§ Study material
-*-

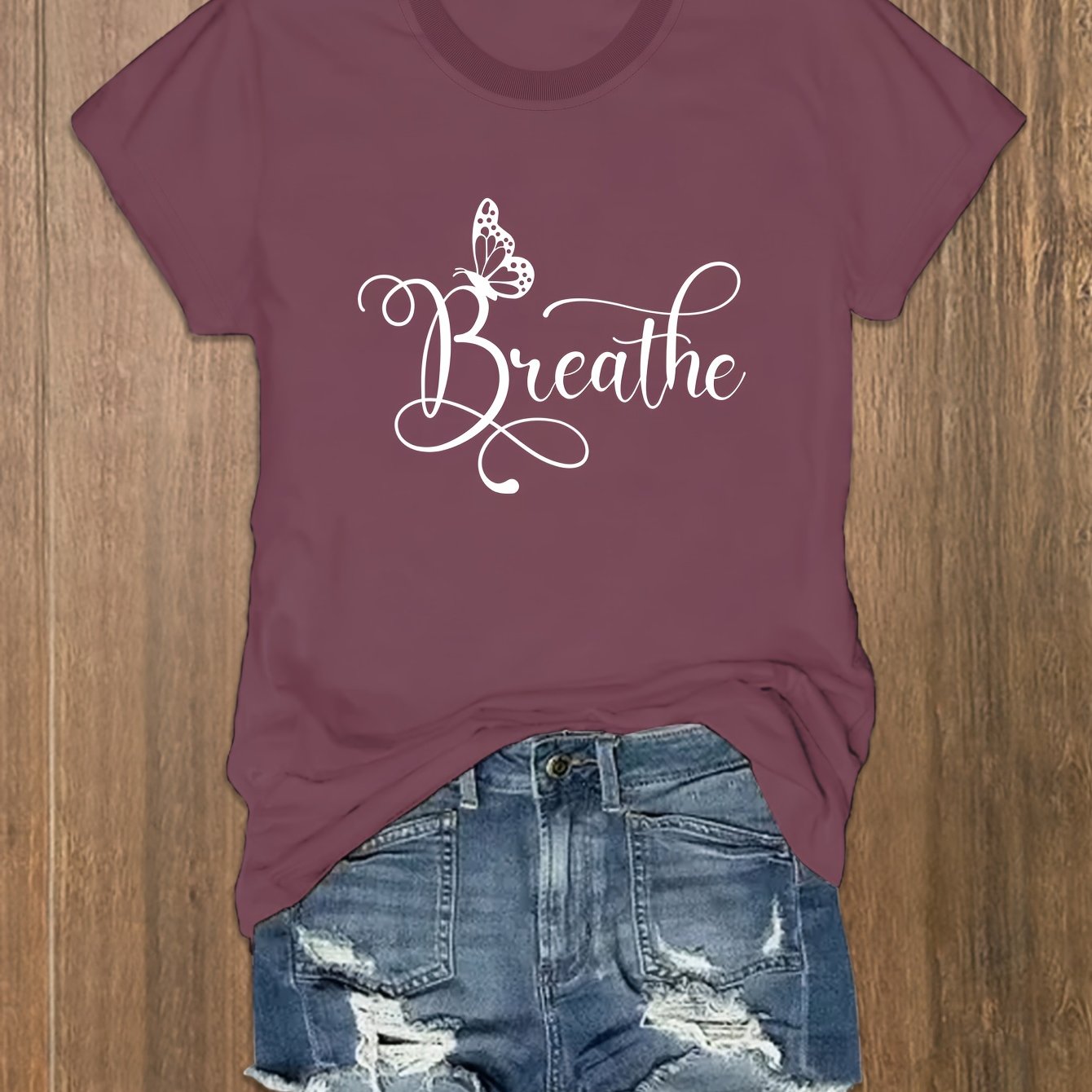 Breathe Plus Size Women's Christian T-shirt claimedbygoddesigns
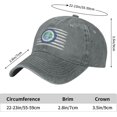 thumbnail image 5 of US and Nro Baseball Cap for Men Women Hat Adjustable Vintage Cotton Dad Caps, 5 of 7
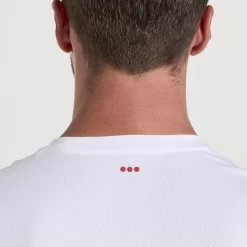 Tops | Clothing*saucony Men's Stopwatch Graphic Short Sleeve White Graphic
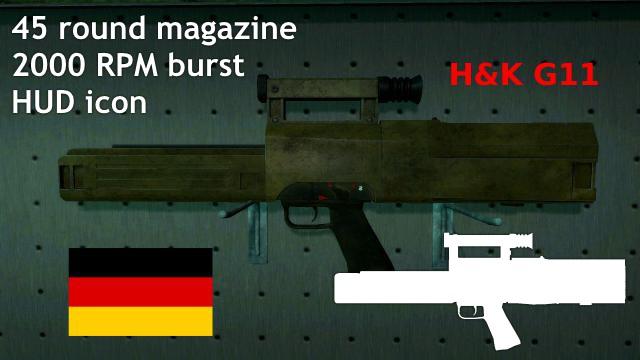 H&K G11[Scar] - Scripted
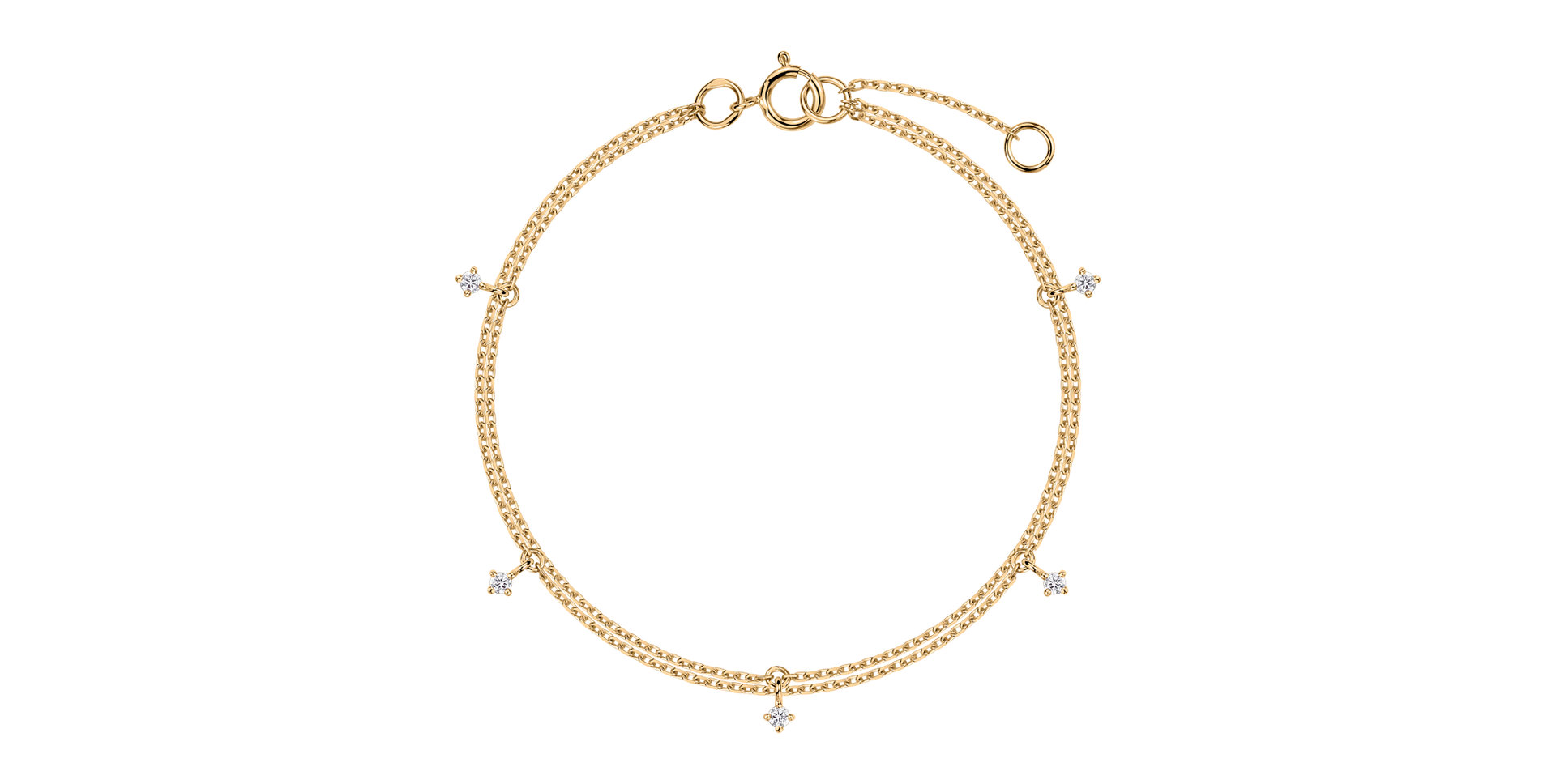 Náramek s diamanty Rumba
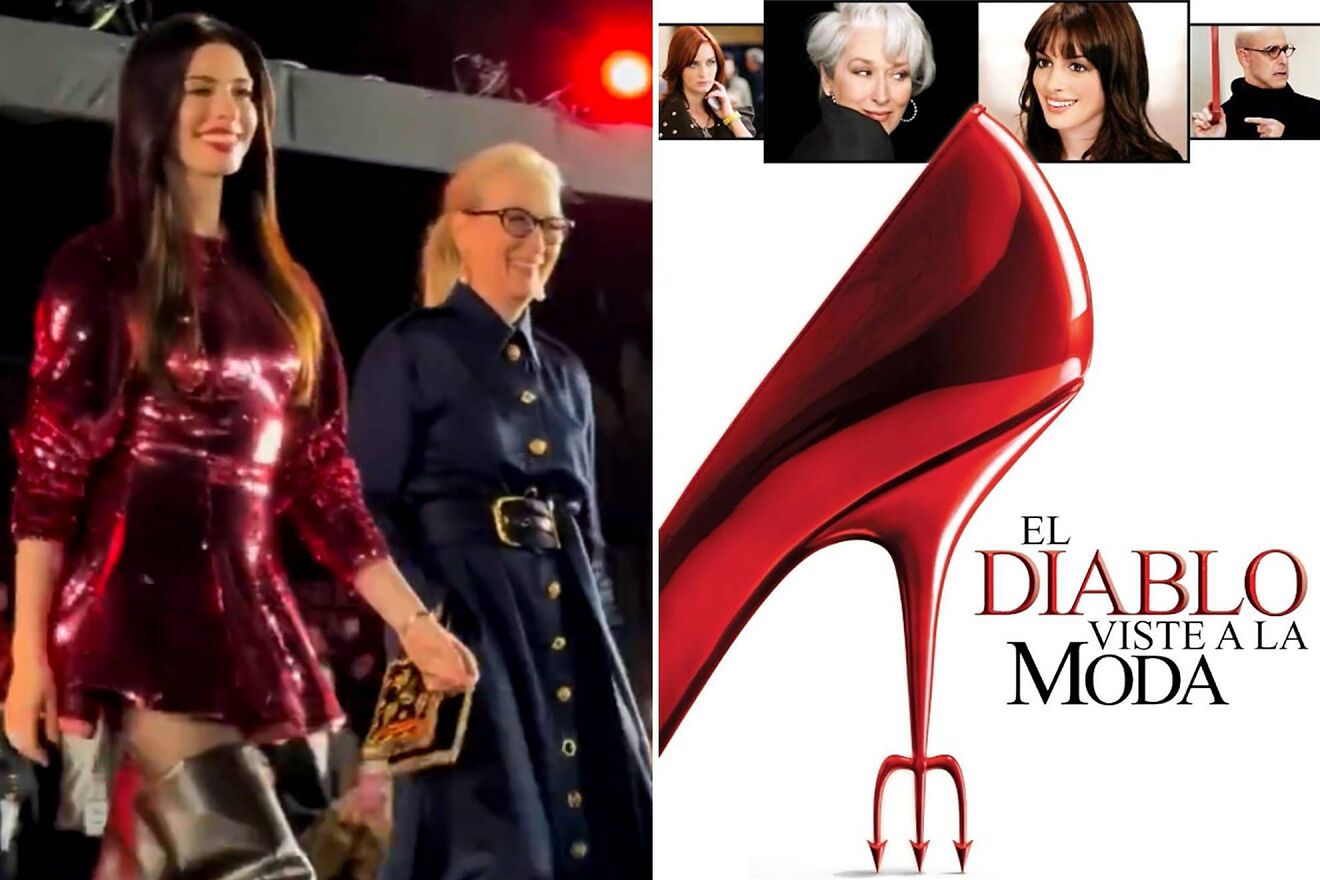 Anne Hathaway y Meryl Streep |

-*-

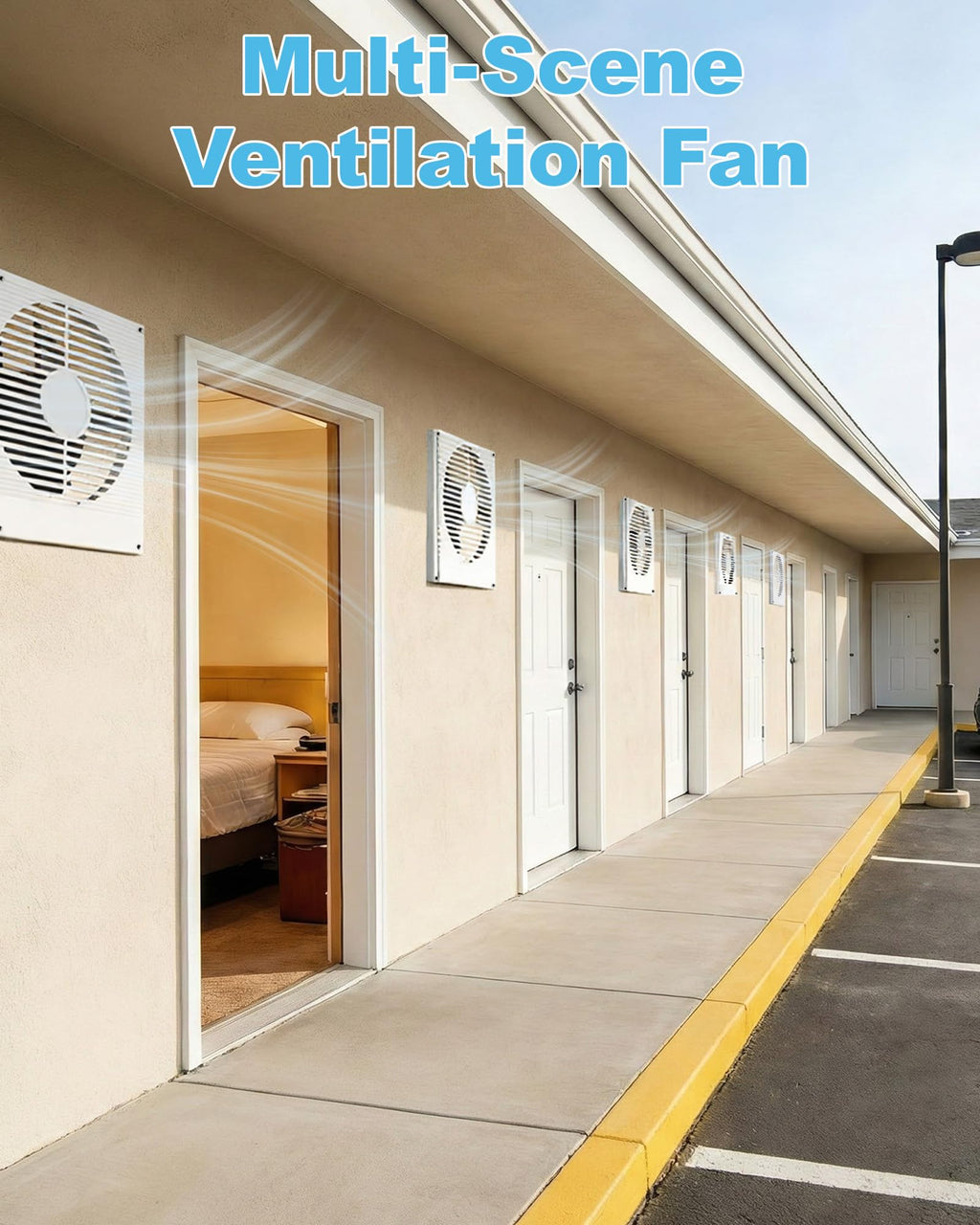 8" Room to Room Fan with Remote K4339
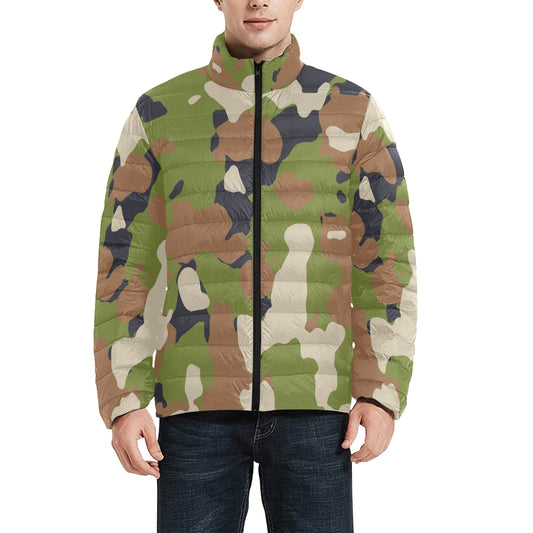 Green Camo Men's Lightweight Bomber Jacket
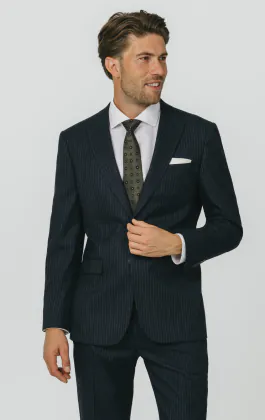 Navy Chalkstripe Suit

-*-

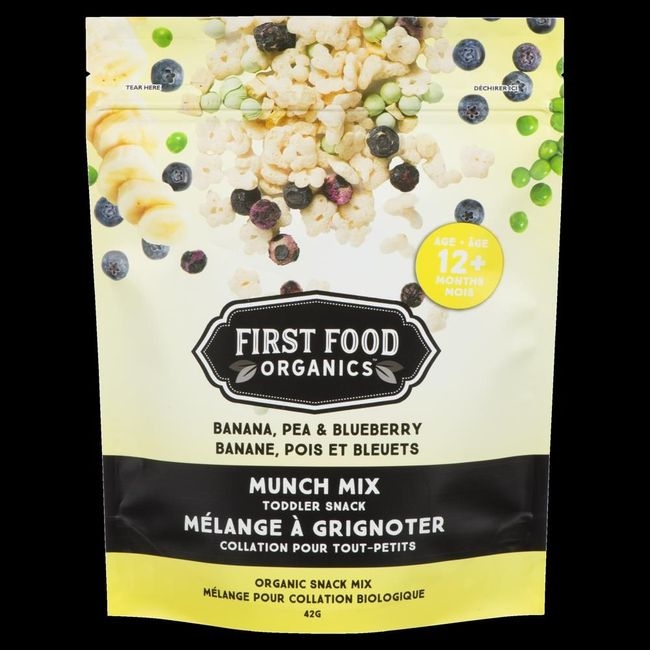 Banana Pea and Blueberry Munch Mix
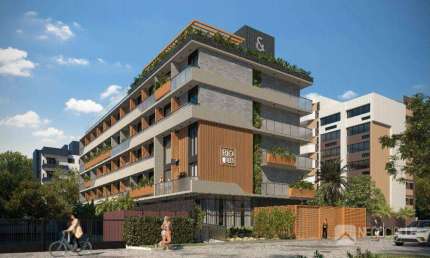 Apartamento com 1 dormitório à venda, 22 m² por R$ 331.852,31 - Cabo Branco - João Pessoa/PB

-*-

§ Directions for this task
Find the line with "with Remote K4339" and the line with "Navy Chalkstripe Suit" in the records above. Copy both and all lines between them exactly, without pictures.

§ Response box
 8" Room to Room Fan with Remote K4339
 Green Camo Men's Lightweight Bomber Jacket
 Navy Chalkstripe Suit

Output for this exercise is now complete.